In [1]:
import numpy as np
import pandas as pd
import os
import itertools
from sklearn.model_selection import train_test_split

If the data is in multiple .CSV files, then they need to be combined together into a single dataframe. For this, run the code in the cell below. 

If the data is in a single .CSV file, skip the cell below.

In [5]:
# Concatenate multiple csv files (with same datapoint columns) to a single dataframe

data_part1 = pd.read_csv(r'/home/vaibhavs/Master_Thesis/ma-vaibhav/Data/data_survey_15m_Nov22_Mar23.csv')
data_part2 = pd.read_csv(r'/home/vaibhavs/Master_Thesis/ma-vaibhav/Data/data_survey_15m_Nov23_Feb24.csv')
print(data_part1.shape)
print(data_part2.shape)

assert len(data_part1.columns) == len(data_part2.columns), f"number of columns do not match"

data = pd.concat([data_part1, data_part2], axis=0)
print(data.shape)

(14401, 9)
(11233, 9)
(25634, 9)


In [6]:
# Load AHU data from .csv file (generated by Aedifion) and convert into (n_samples X n_timestamps) format

from sklearn.preprocessing import StandardScaler, MinMaxScaler

data = pd.read_csv(r'/home/vaibhavs/Master_Thesis/ma-vaibhav/Data/data_prin_summer_15m_Jun23_Aug23.csv')

all_points = []
all_labels = []
all_windows = []
datapoint_names = data.columns.tolist()
datapoint_names.remove('time')
minute_multiples = 480  # 480=5day, 1920=20day, 96=1day, 1440=1day(60s sampling)

for datapoint in datapoint_names:
    data_list = []
    label_list = []
    window_list = []
    window_num = 0
    dp_timeseries = data[['time',datapoint]] # isolate time-series of a single datapoint
    rows = dp_timeseries.shape[0] # get number of timestamps
    for i in range(0,rows,minute_multiples+1):
        if i <= rows-minute_multiples:
            sample = dp_timeseries.iloc[i:i+minute_multiples, [1]].transpose()
            sample_list = sample.values.tolist()
            # print(len(sample_list[0]))
            data_list.append(sample_list[0])
            window_num += 1
            window_list.append(window_num)
    
    label_list = [datapoint] * len(data_list)
    all_labels.append(label_list) 
    all_points.append(data_list)
    all_windows.append(window_list)

all_points = list(itertools.chain.from_iterable(all_points))
all_labels = list(itertools.chain.from_iterable(all_labels))

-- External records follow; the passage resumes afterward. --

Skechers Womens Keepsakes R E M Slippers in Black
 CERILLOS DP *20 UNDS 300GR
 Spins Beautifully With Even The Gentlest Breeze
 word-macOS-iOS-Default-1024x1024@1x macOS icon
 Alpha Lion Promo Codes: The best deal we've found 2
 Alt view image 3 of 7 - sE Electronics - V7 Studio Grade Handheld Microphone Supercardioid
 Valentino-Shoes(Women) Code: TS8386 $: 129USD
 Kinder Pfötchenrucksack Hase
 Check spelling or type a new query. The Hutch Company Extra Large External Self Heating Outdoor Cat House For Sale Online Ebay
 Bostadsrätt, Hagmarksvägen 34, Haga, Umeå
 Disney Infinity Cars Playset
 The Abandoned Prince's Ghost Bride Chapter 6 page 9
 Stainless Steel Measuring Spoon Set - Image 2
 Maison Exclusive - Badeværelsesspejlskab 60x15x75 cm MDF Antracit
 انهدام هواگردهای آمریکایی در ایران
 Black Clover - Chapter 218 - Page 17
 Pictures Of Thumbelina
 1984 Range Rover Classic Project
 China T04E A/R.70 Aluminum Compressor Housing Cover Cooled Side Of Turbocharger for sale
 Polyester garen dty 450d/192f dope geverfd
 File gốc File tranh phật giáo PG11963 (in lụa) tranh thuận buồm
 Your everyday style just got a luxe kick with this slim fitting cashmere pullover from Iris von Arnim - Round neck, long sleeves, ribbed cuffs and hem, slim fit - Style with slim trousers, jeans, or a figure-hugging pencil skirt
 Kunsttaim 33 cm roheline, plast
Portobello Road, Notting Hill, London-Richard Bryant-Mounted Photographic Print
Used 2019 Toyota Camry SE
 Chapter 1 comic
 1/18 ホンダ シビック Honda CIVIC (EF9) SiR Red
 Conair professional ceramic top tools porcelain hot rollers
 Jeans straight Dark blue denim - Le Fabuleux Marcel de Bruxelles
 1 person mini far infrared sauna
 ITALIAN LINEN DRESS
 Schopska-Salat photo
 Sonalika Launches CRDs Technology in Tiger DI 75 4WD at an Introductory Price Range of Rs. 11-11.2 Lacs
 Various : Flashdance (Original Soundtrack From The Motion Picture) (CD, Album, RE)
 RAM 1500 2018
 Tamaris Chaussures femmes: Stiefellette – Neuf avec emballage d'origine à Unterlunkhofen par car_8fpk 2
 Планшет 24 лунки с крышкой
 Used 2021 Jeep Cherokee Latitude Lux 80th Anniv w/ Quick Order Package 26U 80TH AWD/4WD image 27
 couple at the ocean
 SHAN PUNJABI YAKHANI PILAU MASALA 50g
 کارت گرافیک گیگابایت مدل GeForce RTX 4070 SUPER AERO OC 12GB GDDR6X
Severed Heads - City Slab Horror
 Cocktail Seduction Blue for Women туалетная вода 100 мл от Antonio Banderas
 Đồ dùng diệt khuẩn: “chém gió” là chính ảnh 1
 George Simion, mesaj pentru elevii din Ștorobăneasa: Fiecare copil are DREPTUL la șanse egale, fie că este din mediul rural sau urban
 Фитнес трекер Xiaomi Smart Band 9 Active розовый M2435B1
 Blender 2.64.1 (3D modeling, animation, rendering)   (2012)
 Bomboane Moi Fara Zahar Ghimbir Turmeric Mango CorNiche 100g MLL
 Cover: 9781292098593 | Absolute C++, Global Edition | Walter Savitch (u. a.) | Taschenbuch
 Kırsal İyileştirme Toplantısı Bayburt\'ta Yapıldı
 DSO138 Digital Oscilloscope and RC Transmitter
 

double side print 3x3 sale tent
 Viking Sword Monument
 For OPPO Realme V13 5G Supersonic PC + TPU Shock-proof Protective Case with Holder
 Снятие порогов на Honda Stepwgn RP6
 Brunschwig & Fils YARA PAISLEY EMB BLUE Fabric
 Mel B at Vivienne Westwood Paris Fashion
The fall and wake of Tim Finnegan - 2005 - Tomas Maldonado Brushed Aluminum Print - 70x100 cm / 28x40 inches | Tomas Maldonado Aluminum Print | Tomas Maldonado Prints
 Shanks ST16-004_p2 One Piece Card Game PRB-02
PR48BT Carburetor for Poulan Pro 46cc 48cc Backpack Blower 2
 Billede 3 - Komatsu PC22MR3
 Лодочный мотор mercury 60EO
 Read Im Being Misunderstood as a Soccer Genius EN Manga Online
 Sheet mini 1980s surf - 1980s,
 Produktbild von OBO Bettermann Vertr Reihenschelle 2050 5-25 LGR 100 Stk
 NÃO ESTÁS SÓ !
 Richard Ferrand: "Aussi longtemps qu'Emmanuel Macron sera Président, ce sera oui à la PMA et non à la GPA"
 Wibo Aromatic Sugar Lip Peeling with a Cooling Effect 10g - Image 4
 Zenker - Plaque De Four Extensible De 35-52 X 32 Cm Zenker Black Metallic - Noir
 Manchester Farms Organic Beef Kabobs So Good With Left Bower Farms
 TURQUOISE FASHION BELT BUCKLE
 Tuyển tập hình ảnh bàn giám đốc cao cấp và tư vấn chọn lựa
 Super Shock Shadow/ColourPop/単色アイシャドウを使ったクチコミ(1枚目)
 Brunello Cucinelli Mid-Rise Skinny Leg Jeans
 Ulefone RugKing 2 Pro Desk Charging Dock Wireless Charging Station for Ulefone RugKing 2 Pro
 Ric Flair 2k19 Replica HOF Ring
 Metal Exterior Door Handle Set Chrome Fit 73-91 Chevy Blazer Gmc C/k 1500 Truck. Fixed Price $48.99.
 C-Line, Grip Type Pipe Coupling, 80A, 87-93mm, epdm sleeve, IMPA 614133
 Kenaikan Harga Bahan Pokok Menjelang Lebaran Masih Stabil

orig_labels = all_labels.copy()

# convert datapoint names to class labels
# uniform_HR_labels = ['HR' if 'HR' in x else x for x in all_labels]
# uniform_EHA_labels = ['EHA' if 'EHA' in x else x for x in uniform_HR_labels]
# uniform_PH_labels = ['ODA' if 'PH' in x else x for x in uniform_EHA_labels]
# uniform_ODA_labels = ['ODA' if 'ODA' in x else x for x in uniform_PH_labels]

# all_labels = uniform_ODA_labels
print(list(set(all_labels)))

# check if number of labels (y) and number of time series (x) is equal
assert len(all_points) == len(all_labels), f"length of timeseries values list ({len(all_points)}) is not equal to length of datapoint labels list ({len(all_labels)}). Please make sure timeseries and their datapoint labels are of equal length"

# comb_labels = [all_labels, orig_labels]
numpy_data = np.asarray(all_points)
# numpy_labels = np.asarray(comb_labels)
numpy_labels = np.asarray(all_labels)

print(numpy_data.shape)

# Standardize data with mean=0 and variance=1
scaler = StandardScaler()
scaled_numpy_data = scaler.fit_transform(numpy_data)

# # Min-Max Scaler
# scaler = MinMaxScaler()
# normalized_data = scaler.fit_transform(numpy_data)

X_train, X_test, y_train, y_test = train_test_split(scaled_numpy_data, numpy_labels, test_size=0.30, random_state=42, shuffle=True, stratify=numpy_labels)
X_train, X_val, y_train, y_val = train_test_split(X_train, y_train, test_size=0.30, random_state=42, shuffle=True, stratify=y_train)
# X_train, X_test, y_train, y_test = train_test_split(scaled_numpy_data, numpy_labels, test_size=0.30, random_state=42, shuffle=False)
# X_train, X_val, y_train, y_val = train_test_split(X_train, y_train, test_size=0.30, random_state=42, shuffle=False)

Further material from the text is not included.